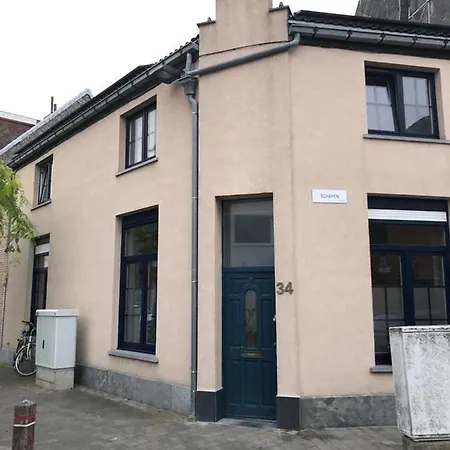 Studio Dream On Met Zonnige Terras Apartment *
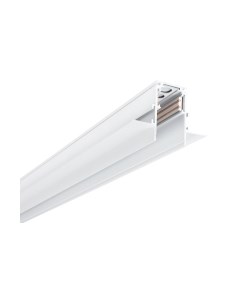 Шинопровод Arte Lamp Linea-Accessories A470133 Arte lamp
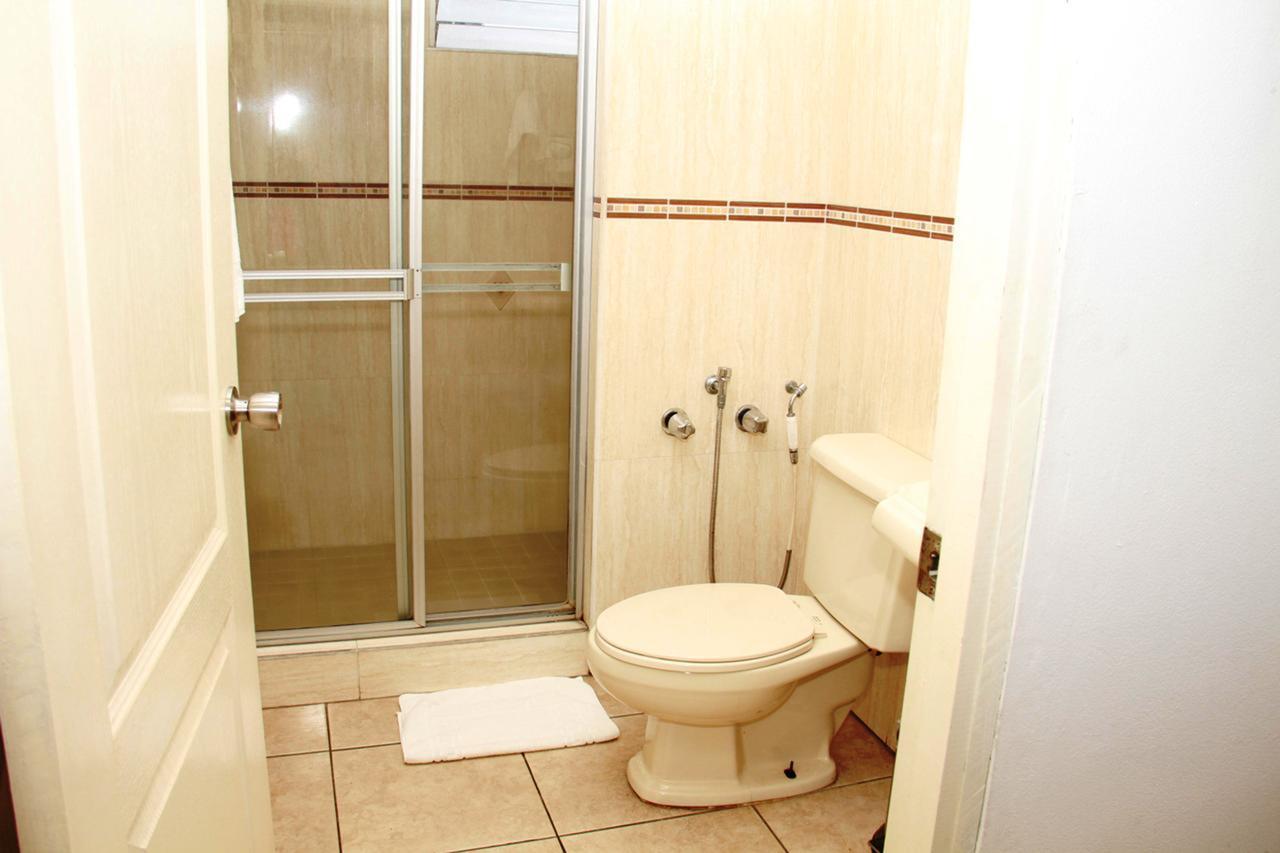 Hotel California Panama Ngoại thất bức ảnh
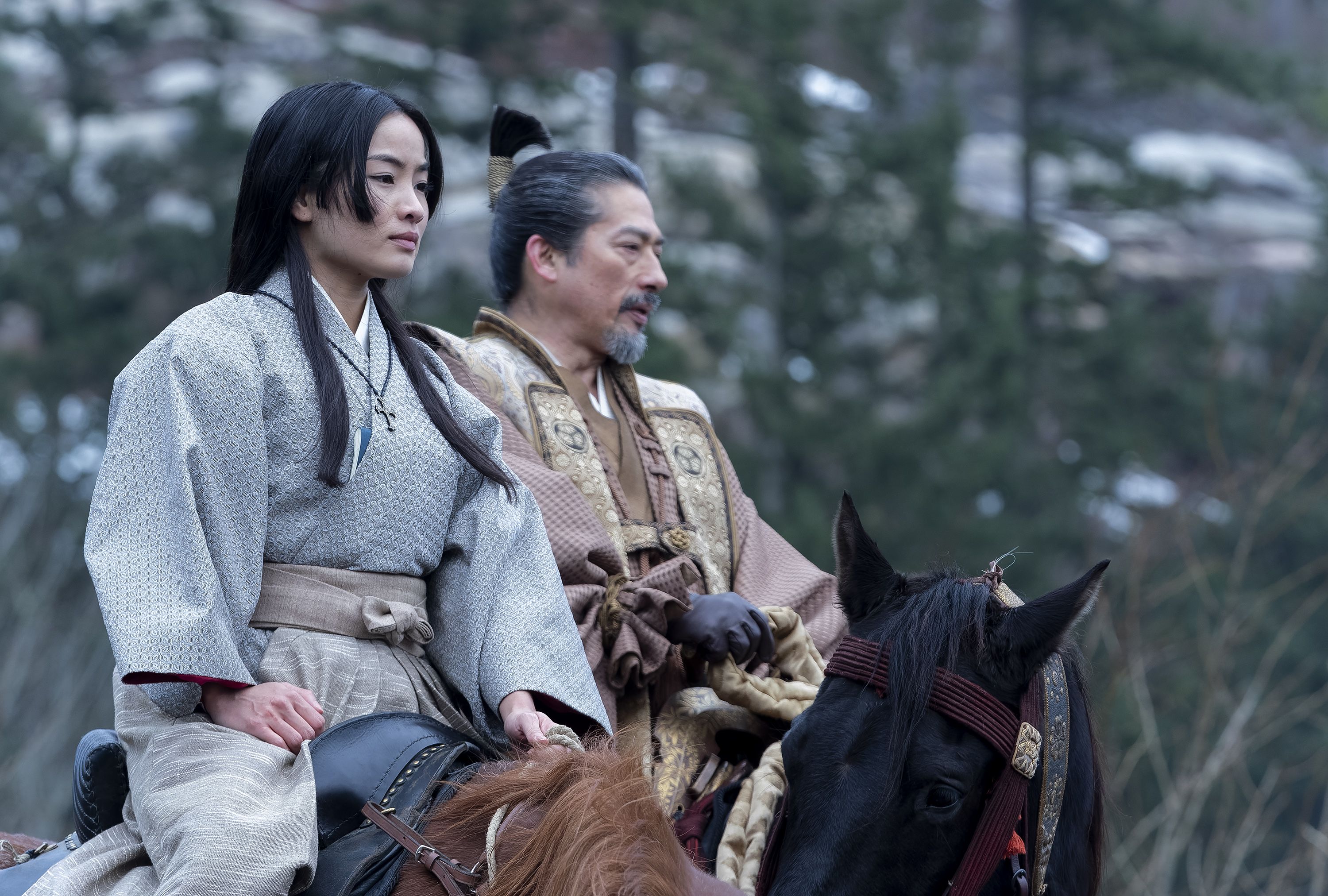 Shōgun: The True Story Behind Oda Nobunaga, Kuroda's Inspiration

+--

Assignment
From the line containing "Шинопровод Arte Lamp" down to the last line of the data above, transcribe exactly those lines and no others; omit the pictures.

Result of this exercise
 Шинопровод Arte Lamp Linea-Accessories A470133 Arte lamp
 Hotel California Panama Ngoại thất bức ảnh
 Shōgun: The True Story Behind Oda Nobunaga, Kuroda's Inspiration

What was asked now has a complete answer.